Ontem flores a mil, e todas elas
Me davam, dos seus dons, das urnas belas,
Aroma à alma em flor!
Hoje, aí!, hoje um céu de negro, e a terra
De crepe funeral!
Hoje um peito que em si peçonha encerra;
E a alma em fogo, que precita erra
Num regiro infernal.
As seguintes coisas são menos inocentes:
Mulher!, em ânsias me esforço,
Punge-me dentro o remorso
De te não calcar aos pés!
Tinha uma crença...mataste-a!
Tinha uma luz...apagaste-a!...
Mulher!, que monstro tu és!
Esta quadra da poesia LXIX é mais raivosa
Hei de essa alma perversa estrinçar-te!
Hei de à fronte cuspir-te a peçonha
Que verteste em meu peito, e ferrete
Hei de pôr-to de eterna vergonha!
Basta isto para terror das almas e amostra da poesia contemporânea
de Silvestre.
Nestas minhas confissões hei de ser modesto, e verdadeiro,
como Santo Agostinho e J. J. Rousseau; mas, ainda assim mais honesto
que o santo e que o filósofo. O pejo e a natural vaidade querem
pôr-me mordaça; mas eu hei de expiar as minhas parvoíces,
confessando-as. Se, por miséria minha, me baralhei e confundi
com tantos e tão graúdos tolos, farei agora minha distinção
pondo, em letra redonda, que ora, Não me consta que algum dos
meus amigos fizesse outro tanto.
Na minha qualidade de cético, entendi que a desordem dos cabelos
devia ser a imagem da minha da minha alma. Comecei, pois, por dar
à cabeça um ar fatal, que chamasse a atenção
e aguçasse a curiosidade dum mundo já gasto em admirar
cabeças não vulgares. A anarquia dos meus cabelos custava-me
dinheiro e muito trabalho. Ia, todos os dias, ao cabeleireiro calamistrar
os longos anéis que me ondeavam nas espáduas; depois
desfazia as espirais, riçava-as em caprichosas ondulações,
dava à fronte o máximo espaço e sacudia a cabeça
para desmanchar as torcidas deletriadas da madeixa. Como quer, porém,
que a testa fosse menos escampada que o preciso para significar "desordem
e génio", comecei a barbear a testa, fazendo recuar o
domínio do cabelo, a pouco e pouco, até que me criei
uma fronte dilatada, e umas bossas frontais, como a natureza as não
dera a Shakespeare nem a Goethe.
A minha cara ajeitava-se pouco à expressão dum vivo
tormento de alma, em virtude de ser uma cara sadia, avermelhada e
bem fornida de fibra musculosa. Era-me necessário remediar
o infortúnio de ter saúde, sem atacar os órgãos
essenciais da vida, mediante o uso de beberagens. Aconselharam-me
os charutos do contrato; fumei alguns dias, sem mais resultado que
uma ameaça de tubérculos, uma formal estupidez de espírito
e não sei que profundo dissabor até da farsa em que
eu a mim próprio mês estava dando em espetáculo.

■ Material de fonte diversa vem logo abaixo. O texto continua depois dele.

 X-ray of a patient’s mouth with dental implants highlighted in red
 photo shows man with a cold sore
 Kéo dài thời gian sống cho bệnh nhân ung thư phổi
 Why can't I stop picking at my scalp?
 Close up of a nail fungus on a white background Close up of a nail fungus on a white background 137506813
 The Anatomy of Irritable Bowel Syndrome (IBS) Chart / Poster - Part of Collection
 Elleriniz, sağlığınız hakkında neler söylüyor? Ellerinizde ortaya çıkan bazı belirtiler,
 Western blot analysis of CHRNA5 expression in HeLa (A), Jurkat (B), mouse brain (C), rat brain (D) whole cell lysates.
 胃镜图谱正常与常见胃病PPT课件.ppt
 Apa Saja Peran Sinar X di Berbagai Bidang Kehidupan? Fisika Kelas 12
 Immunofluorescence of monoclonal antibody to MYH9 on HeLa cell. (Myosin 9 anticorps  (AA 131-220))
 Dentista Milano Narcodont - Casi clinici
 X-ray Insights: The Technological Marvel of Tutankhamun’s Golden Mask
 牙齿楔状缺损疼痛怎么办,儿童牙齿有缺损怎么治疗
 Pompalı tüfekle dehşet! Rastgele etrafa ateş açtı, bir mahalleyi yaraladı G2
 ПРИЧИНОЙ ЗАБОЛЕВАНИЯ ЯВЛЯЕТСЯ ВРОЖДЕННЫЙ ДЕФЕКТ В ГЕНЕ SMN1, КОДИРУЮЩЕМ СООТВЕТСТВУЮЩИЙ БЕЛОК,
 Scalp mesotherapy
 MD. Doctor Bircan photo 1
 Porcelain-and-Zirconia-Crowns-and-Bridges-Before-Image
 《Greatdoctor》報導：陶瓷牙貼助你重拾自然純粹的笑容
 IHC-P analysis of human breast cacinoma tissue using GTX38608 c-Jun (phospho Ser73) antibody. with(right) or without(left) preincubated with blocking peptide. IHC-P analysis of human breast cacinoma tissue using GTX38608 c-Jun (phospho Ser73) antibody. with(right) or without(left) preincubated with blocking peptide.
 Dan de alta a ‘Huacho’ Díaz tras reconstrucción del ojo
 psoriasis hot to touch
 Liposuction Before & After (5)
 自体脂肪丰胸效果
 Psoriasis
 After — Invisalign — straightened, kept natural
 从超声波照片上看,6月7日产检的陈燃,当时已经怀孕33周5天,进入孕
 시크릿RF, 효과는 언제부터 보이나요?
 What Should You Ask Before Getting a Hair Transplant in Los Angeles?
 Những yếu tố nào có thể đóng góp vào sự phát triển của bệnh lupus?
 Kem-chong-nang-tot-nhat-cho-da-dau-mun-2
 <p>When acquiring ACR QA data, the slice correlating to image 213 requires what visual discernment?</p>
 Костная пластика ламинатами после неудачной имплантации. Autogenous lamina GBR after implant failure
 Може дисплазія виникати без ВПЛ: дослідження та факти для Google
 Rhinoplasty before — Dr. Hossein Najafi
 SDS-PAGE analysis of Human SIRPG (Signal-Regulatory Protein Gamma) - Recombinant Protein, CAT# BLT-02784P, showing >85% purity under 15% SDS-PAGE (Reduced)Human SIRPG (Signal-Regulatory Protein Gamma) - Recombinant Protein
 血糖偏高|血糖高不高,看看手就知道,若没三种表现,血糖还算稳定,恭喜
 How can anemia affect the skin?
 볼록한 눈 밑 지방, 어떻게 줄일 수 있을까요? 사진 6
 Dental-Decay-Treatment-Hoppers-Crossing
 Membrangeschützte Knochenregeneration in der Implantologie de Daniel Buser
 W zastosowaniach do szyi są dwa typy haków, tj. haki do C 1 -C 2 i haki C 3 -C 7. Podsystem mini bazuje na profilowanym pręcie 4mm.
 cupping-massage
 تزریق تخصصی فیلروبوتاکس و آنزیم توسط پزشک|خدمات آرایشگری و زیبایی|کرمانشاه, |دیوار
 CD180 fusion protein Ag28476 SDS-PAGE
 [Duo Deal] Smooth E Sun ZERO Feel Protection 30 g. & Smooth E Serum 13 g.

A cara mantinha-se na prosa ignóbil do escarlate, mais incendiada
ainda pelos acessos de tosse, provocados pelo fumo. Um médico
da minha íntima amizade receitou-me uma essência roxa
com a qual eu devia pintar o que vulgarmente se diz "olheiras".
Ao deitar-me, corria levemente algumas pinceladas sobre a cútis,
que desce da pálpebra inferior até às proeminências
malares; ao erguer-me, tinha todo o cuidado em não lavar a
porção arroxada pela tinta, e com uma maçaneta
de algodão em rama desbastava a pintura nos pontos em que ela
estivesse demasiadamente carregaD. O artístico amor com que
eu fazia isto deu em resultado uma tal perfeição no
colorido que até o próprio médico chegou a persuadir-me,
de longe, que o pisado dos meus olhos era natural, e eu mesmo também
me parece que cheguei à persuasão do médico.
Fiz, pois, de mim uma cara entre o sentimental de Antony e o trágico
de Fausto. Seria, no entanto, mais completa a minha satisfação
se à raiz do cabelo, no ponto em que eu barbeava a cabeça
para aumentar a testa, me não aparecesse um diadema azulado.
Era a natureza a vingar-se. Cada vez que me eu via com aquele disco
na testa, experimentava a dor do poeta de Dom João contemplando
o seu pé coxo, por causa do qual, e com o qual, tanto pontapé
deu o raivoso lorde no gênero humano.
Assim amanhado de aspecto, saia de casa, à hora em que o Sol
dardejava a prumo, ou quando as nuvens se rompiam em torrentes. O
meu cavalo era negro, negro o meu trajar, tudo em mim e de mim refletia
a negridão da alma. Cheguei a enganar-me comigo mesmo, e a
remirar-me a mim próprio, com certo compadecimento e simpatia!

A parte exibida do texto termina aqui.